Rexi is an agentic reconciliation platform built for operationally complex businesses, with a deployment model designed to go live in weeks. Four specialist agents cover the full ingest, standardize, reconcile, report workflow: the Reconciler handles transaction matching, the Investigator handles discrepancy investigation, the Categorizer routes exceptions by root cause, and the Auditor produces transaction-level records for every action taken. Configuration belongs to the FinOps or payment operations team, not engineering.
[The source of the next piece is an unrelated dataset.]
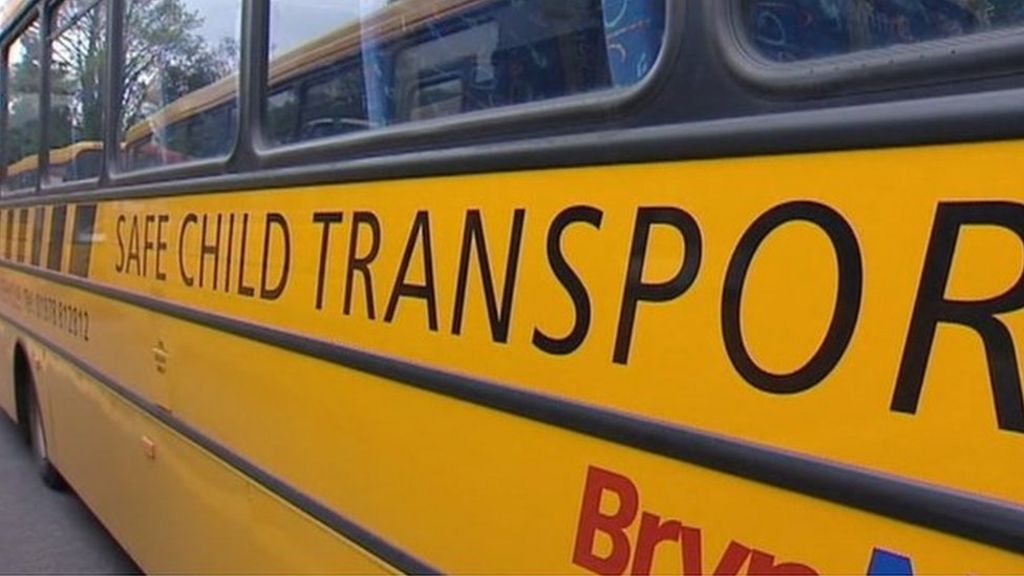 School's 500k bus spend 'broke rules'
| Aspect | Enterprise close platforms (BlackLine, Trintech) | Rexi |
|---|---|---|
| Primary workflow | Record-to-report, month-end close | Payment reconciliation across PSPs, banks, ledgers |
| Buyer | Controller, VP Accounting at large enterprise | Head of FinOps, Controller, CFO, Payment Operations Manager |
| Implementation | 6 to 12 months | Live in weeks |
| Pricing | Per-seat enterprise contracts | Fixed pricing, independent of volume or seats |
| Engineering dependency | Configuration via professional services | Finance and ops team owns configuration |
| Deployment | Vendor-hosted SaaS | Cloud, Embedded, or Deployed |
| Audit scope | Period-end balances, journal entries | Transaction-level matches, exceptions, adjustments |
| Vendor relationship | Customer owns outcomes | Vendor owns the workflow end to end |
The table is not a claim that one is superior. A large enterprise running quarterly close at scale needs a financial close platform. A fintech reconciling millions of transactions across multiple PSPs and bank partners needs payment reconciliation software built for payment operations. The evaluation criteria in the section above are the practical separator.
Dig deeper: What payment reconciliation software does and who needs it
How we evaluated this
We reviewed public coverage from PYMNTS, Finextra, and KPMG on the state of payments reconciliation, the structural gap facing scaling fintechs, and the operational cost of manual finance operations. We compared the documented scope of enterprise close platforms against the daily work of payment operations teams. We focused on claims verifiable from public sources and on the criteria that Controllers, Heads of FinOps, and Finance Operations Managers use when evaluating reconciliation automation, rather than on performance assertions without a specific implementation context.